Please help, regex blown my mind.
I am cleaning data in Pandas dataframe (python 3).
I tried so many combos of regex found on the web for digits but none work for my case. I can't seem to figure out how to write my own regex for pattern 2 digits space to space 2 digits (example 26 to 40).
My challenge is to extract from pandas column BLOOM (scraped data) number of petals. Frequently petals are specified as "dd to dd petals". I know that 2 digits in regex are \d\d
or \d{2}
but how do I incorporate split by "to"? It will also be good to have a condition that the pattern is followed by word "petals".

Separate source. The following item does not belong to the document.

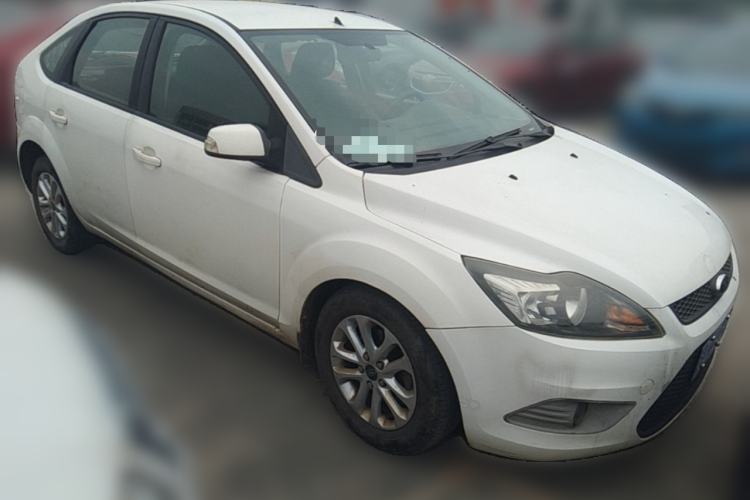 Used Ford Focus 2013 Hatchback Classic 1.8L Manual Base Model Front Right 45 Deg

Surely I am not the first person that needs regex in python for pattern \d\d to \d\d.
Edit:
I realised that my question without a sample dataframe is a bit confusing. So here is a sample dataframe.
import pandas as pd
import re
# initialize list of lists
data = [['Evert van Dijk', 'Carmine-pink, salmon-pink streaks, stripes, flecks. Warm pink, clear carmine pink, rose pink shaded salmon. Mild fragrance. Large, very double, in small clusters, high-centered bloom form. Blooms in flushes throughout the season.'],
['Every Good Gift', 'Red. Flowers velvety red. Moderate fragrance. Average diameter 4". Medium-large, full (26-40 petals), borne mostly solitary bloom form. Blooms in flushes throughout the season.'],
['Evghenya', 'Orange-pink. 75 petals. Large, very double bloom form. Blooms in flushes throughout the season.'],
['Evita', 'White or white blend. None to mild fragrance. 35 petals. Large, full (26-40 petals), high-centered bloom form. Blooms in flushes throughout the season.'],
['Evrathin', 'Light pink. [Deep pink.] Outer petals white. Expand rarely. Mild fragrance. 35 to 40 petals. Average diameter 2.5". Medium, double (17-25 petals), full (26-40 petals), cluster-flowered, in small clusters bloom form. Prolific, once-blooming spring or summer. Glandular sepals, leafy sepals, long sepals buds.'],
['Evita 2', 'White, blush shading. Mild, wild rose fragrance. 20 to 25 petals. Average diameter 1.25". Small, very double, cluster-flowered bloom form. Blooms in flushes throughout the season.']]
# Create the pandas DataFrame
df = pd.DataFrame(data, columns = ['NAME', 'BLOOM'])
# print dataframe.
df